▶ **What to work on**:
Begin at the line containing "Traditional Hillside Cottage ギシオ エクステリア 写真" in the records below, end at the line containing "DOWN SOUTH - Residential", and retype each line in that span exactly. No other line and no image should appear.

▶ **Exercise materials**:
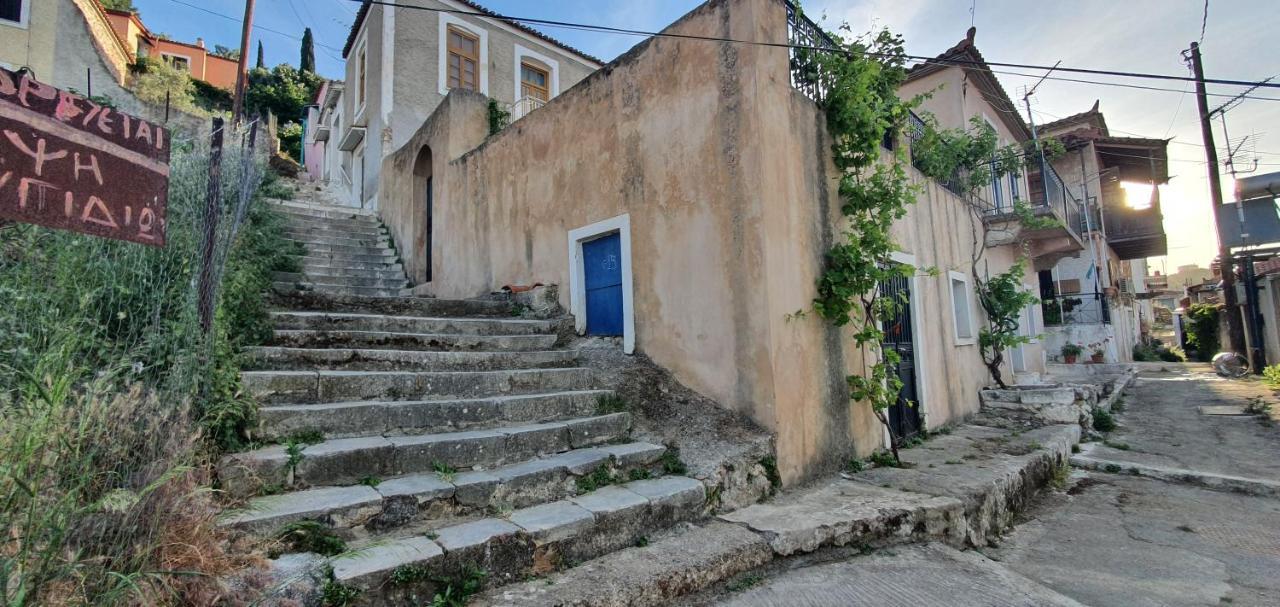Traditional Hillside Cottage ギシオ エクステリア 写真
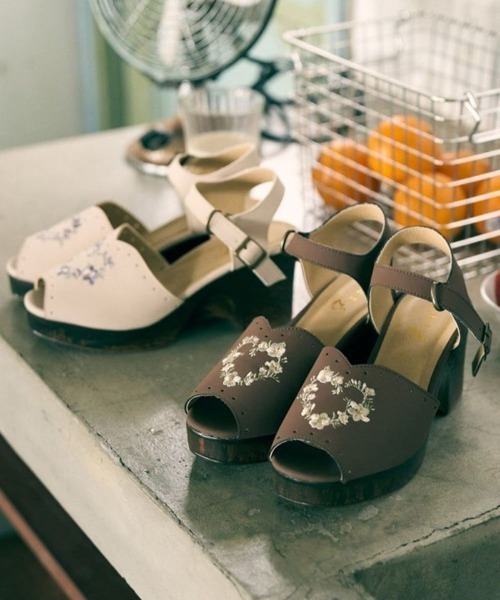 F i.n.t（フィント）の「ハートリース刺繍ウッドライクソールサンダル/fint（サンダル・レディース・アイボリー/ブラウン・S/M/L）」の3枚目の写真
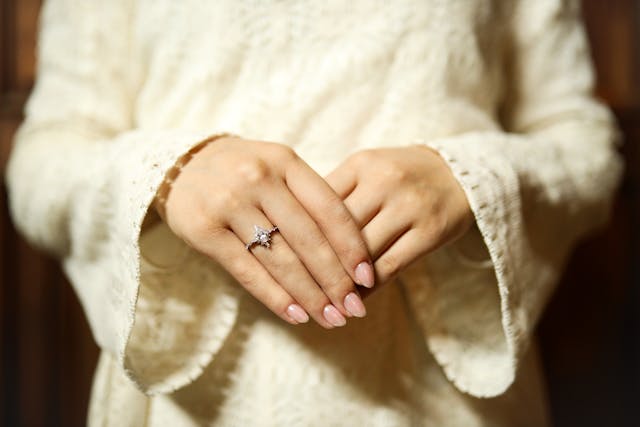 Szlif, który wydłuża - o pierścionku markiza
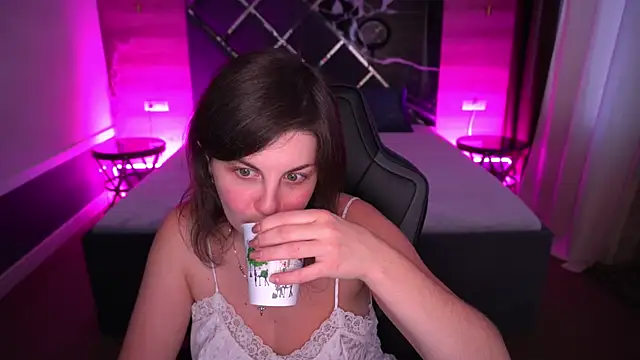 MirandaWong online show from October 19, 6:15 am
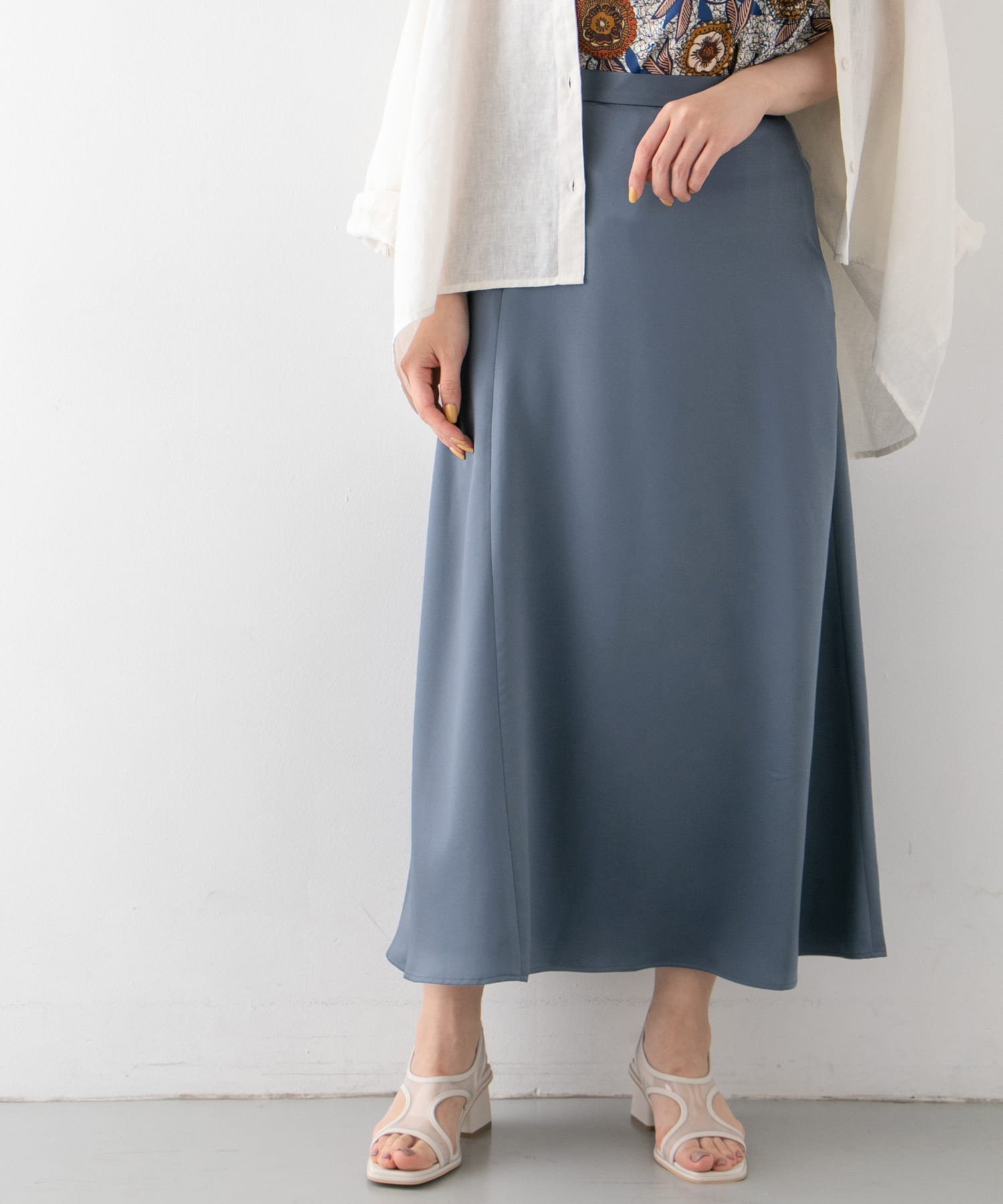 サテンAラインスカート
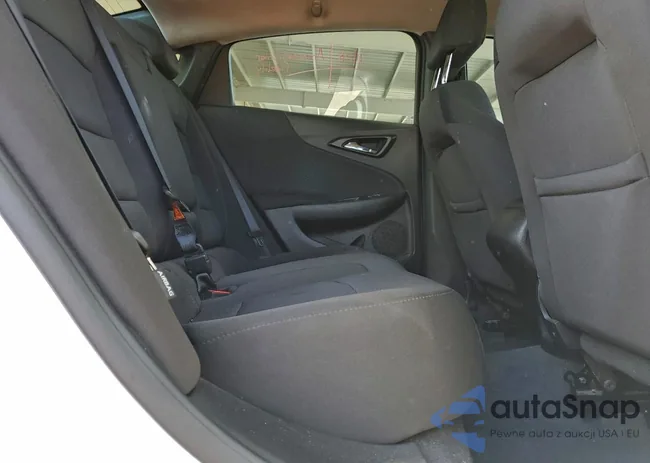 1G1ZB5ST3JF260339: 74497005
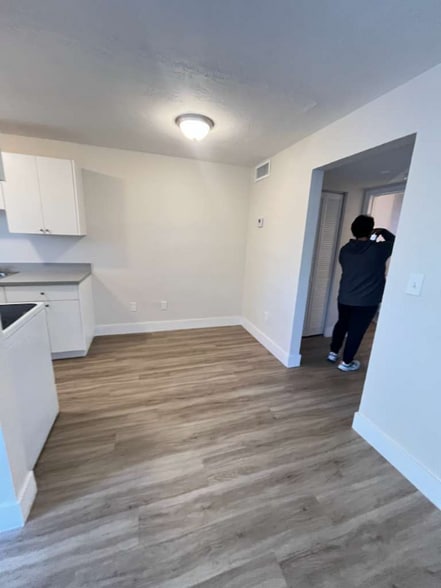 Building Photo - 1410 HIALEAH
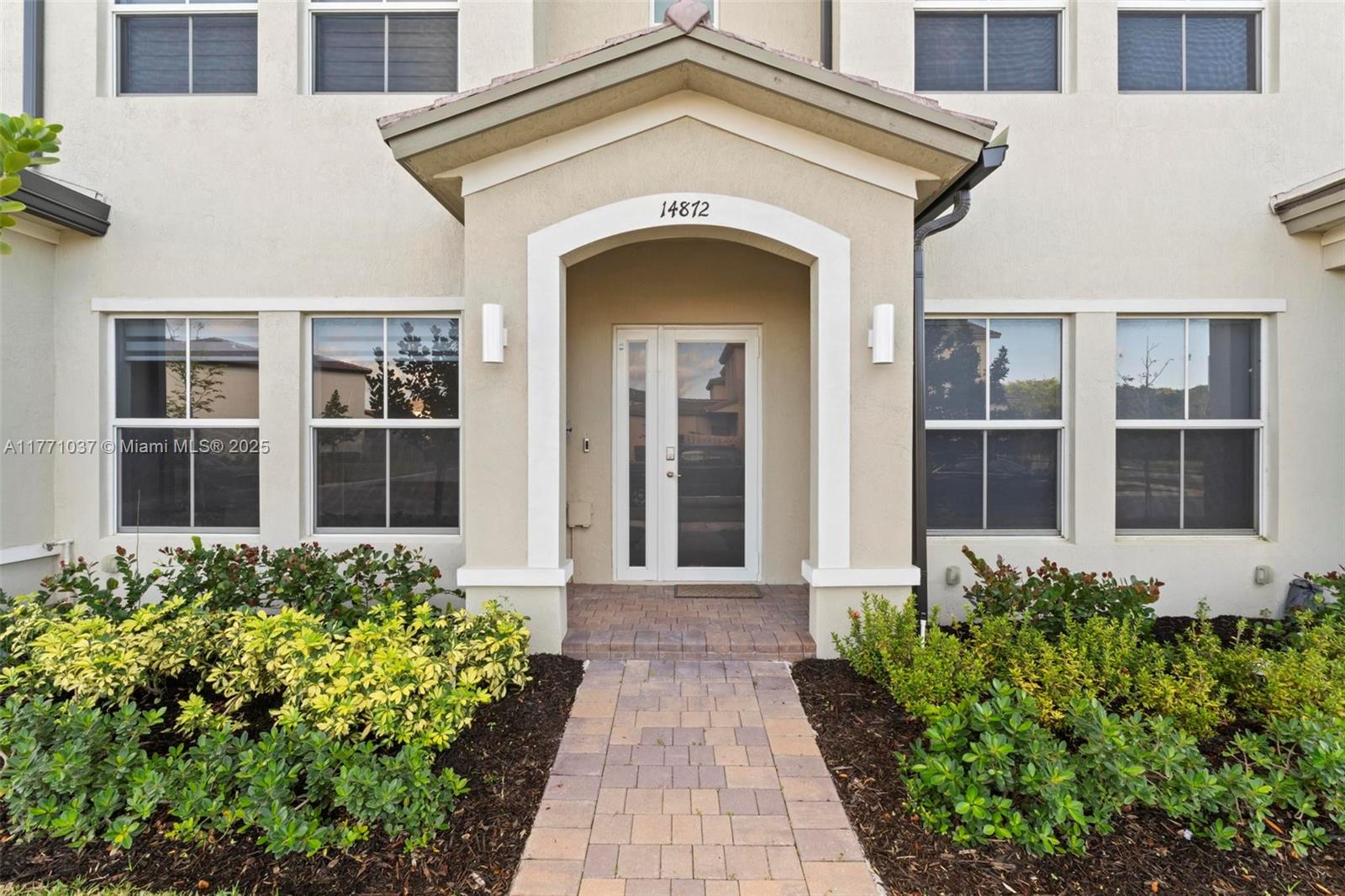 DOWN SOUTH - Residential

==

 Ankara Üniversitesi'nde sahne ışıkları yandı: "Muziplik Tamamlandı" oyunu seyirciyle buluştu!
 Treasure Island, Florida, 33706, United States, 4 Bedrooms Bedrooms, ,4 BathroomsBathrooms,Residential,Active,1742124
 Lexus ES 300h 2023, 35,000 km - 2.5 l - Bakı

==

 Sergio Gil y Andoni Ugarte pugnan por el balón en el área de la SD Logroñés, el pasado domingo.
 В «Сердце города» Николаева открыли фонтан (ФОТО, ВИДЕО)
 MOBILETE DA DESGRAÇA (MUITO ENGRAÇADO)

▶ **Output for this task**:
Traditional Hillside Cottage ギシオ エクステリア 写真
 F i.n.t（フィント）の「ハートリース刺繍ウッドライクソールサンダル/fint（サンダル・レディース・アイボリー/ブラウン・S/M/L）」の3枚目の写真
 Szlif, który wydłuża - o pierścionku markiza
 MirandaWong online show from October 19, 6:15 am
 サテンAラインスカート
 1G1ZB5ST3JF260339: 74497005
 Building Photo - 1410 HIALEAH
 DOWN SOUTH - Residential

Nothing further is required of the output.